I would put Toronto a close third (to Trump NO)


----------



## Absolut355 (Mar 7, 2006)

Chitown hands down.

No offense to Toronto's, I like it too. Chicago's just does it for me.


----------



## AhChuan (Oct 22, 2006)

Chicago!!!


----------



## Crispy (Mar 31, 2006)

Trump Tower in Chicago is prettier, but a Trump Tower is being built in Panama City, Panama that will be the prettiest of all.


----------



## Ginza (May 13, 2006)

with all do respect to does who like the Toronto trump tower but the one in Chicago looks a little better thandoes the one in Toronto


----------



## trvlr70 (Nov 20, 2006)

There is really no competition. Even a novice skyscraper enthusiast can determine that Chicago's tower is superior by a mile. It is streamlined, unique, iconic and sleek. Toronto's tower is quite underwhelming in my opinion.


----------



## No Change No Future (Oct 29, 2005)

Crispy said:


> Trump Tower in Chicago is prettier, but a Trump Tower is being built in Panama City, Panama that will be the prettiest of all.











Trump Tower Panama

Personally, my favorite one is the Toronto one.


----------



## Canadian Chocho (May 18, 2006)

^^ That looks beyond fugly!


----------



## samsonyuen (Sep 23, 2003)

I like Chicago's more. The colour of the building is more attractive to me, and I find the shade of green in Toronto's too reminiscent of the first CityPlace condos.


----------



## alitezar (Mar 10, 2006)

Toronto's Trump has got a character to it and I really like it.


----------



## LordMandeep (Apr 10, 2006)

to bad Trump Toronto is not in the greatest of all locations. It has three bank towers a 1000 footer, 900 footer and a 700 footer on three sides of it. 

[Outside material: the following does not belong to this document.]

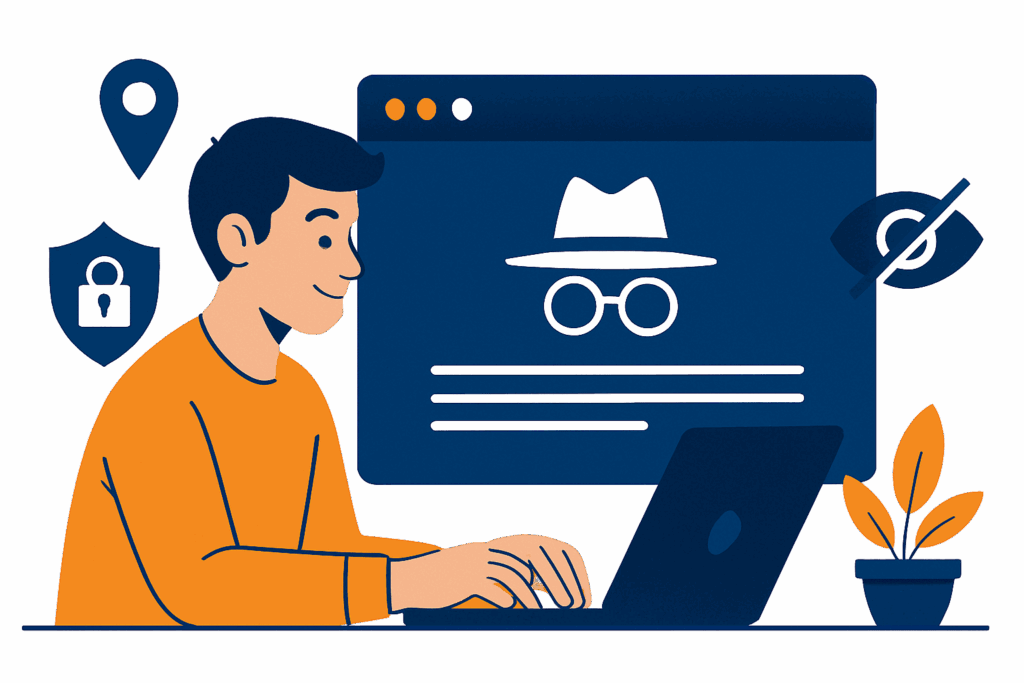Pessoa usando o modo anônimo no navegador para ter mais privacidade digital.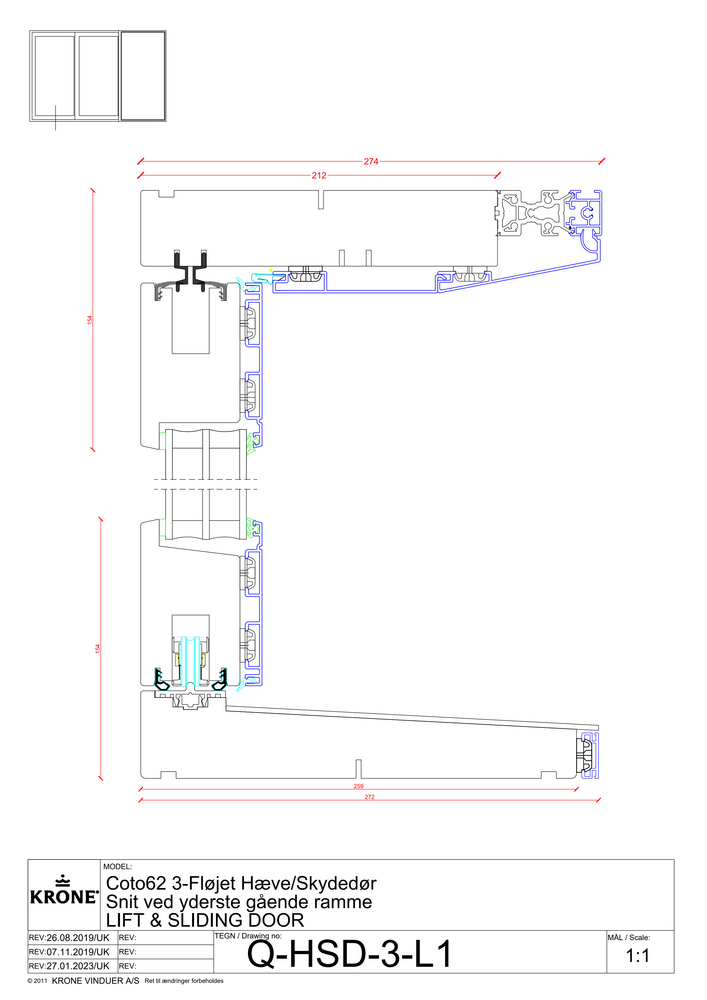 COto62 3-fløjet hæve-/skydedør – snit ved yderste gående ramme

plus it not in a place of a lot of retail. If it were midtown (yorkville) it would likely be rising in the sky by now. However it seems very likely and almost certain it will get built.


----------



## Inkdaub (Dec 28, 2006)

They are both cool but I like Toronto a wee bit more for no real reason at all.


----------



## b13 (Jan 14, 2007)

I think Chicago's Trump is more modern but Toronto's is more classy and will fit with that area nicely. Not to mention the bay-adelaide tower which will be rising the same time as trump. That corner will look SO different in a couple of years.
I like Toronto's more!


----------



## Xusein (Sep 27, 2005)

Both are ambitious and solid overall, but Chicago's is being built right now, and it's coming around pretty nicely.

Toronto's seem to blend in better with the other towers though.


----------



## qwazy (Dec 26, 2006)

TORONTO


----------



## cello1974 (May 20, 2003)

Both!


----------



## megatower (Jun 24, 2006)

Chicago trump tower is way better then toronto's trump tower


----------